Researchers from Birmingham, England, investigated the risk factors for squamous cell carcinoma of the esophagus in women.
Esophageal cancer rates in women in the UK are more than 3 times higher than in most other European populations.
A population-based matched case-control study of histologically confirmed squamous cell carcinoma of the esophagus in women was carried out in 4 regions in England and Scotland.
Interviews were conducted in hospital or at home, and topics included smoking, alcohol, tea and coffee consumption, medical and obstetric history, and diet.
Response rates were 62% for cases and 65% for first-chosen controls. There were 159 case-control pairs.

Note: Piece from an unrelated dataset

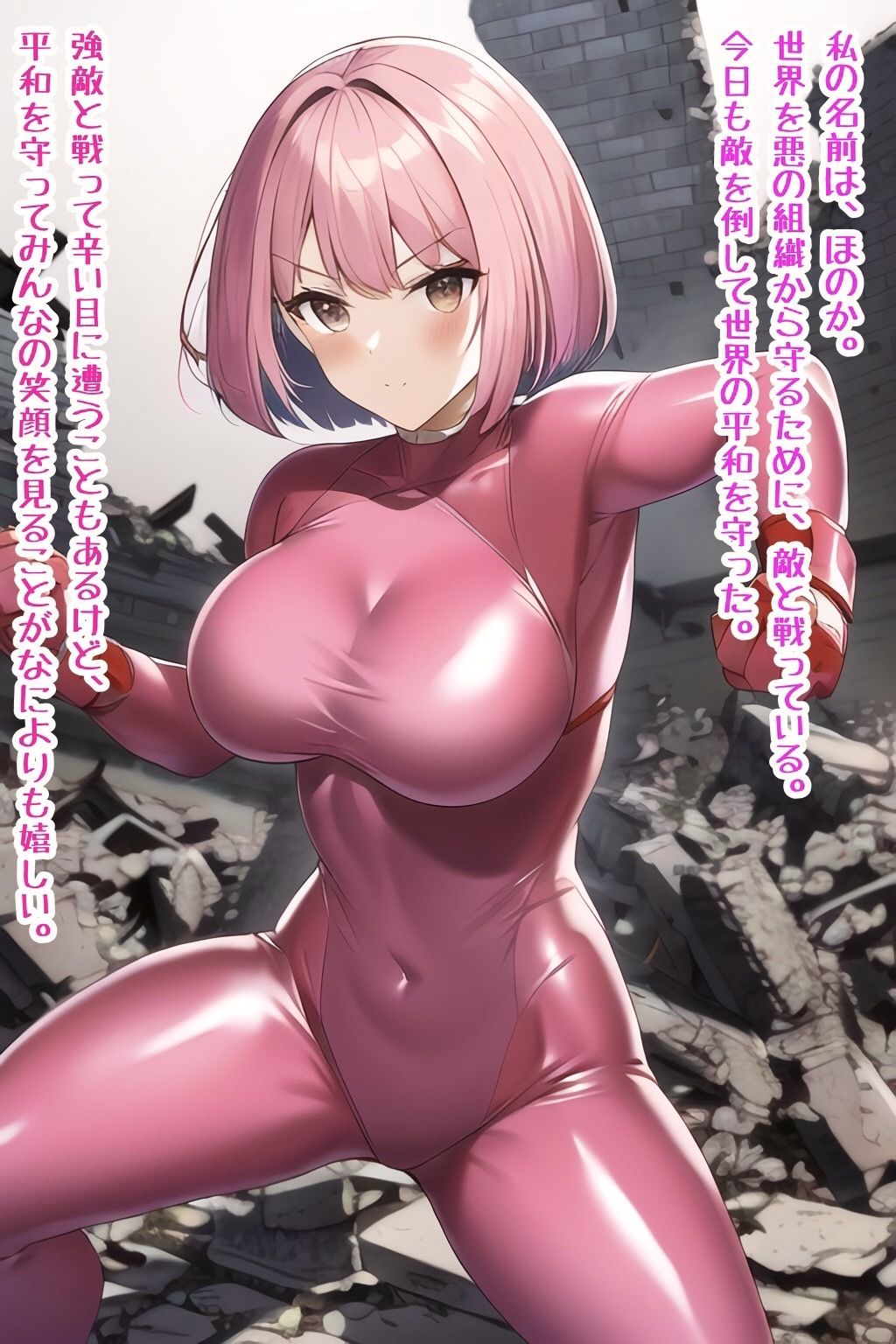 サンプル画像1:敵に敗北して捕まり調教される変身ヒロイン(ピッチリスキー) [d_267452]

| Eating salads and light breakfasts decrease esophageal squamous cell carcinoma risk.
| British Journal of Cancer |
Eating salads (odds ratio [OR] 0.42) and a light (as distinct from no) breakfast (OR 0.18) were both found to have protective effects.
On the other hand, quantity of tea was a risk factor. There was a significant positive trend with temperature at which hot drinks were consumed.
The team found that alcohol consumption was unrelated to risk. However, there was a significant trend with years of smoking.
A protective effect of aspirin consumption was confined to the English centers (OR 0.08).
In a comparison with a parallel study of adenocarcinoma, the researchers discovered that there was a common protective effect of a healthy diet, but otherwise distinct risk factors.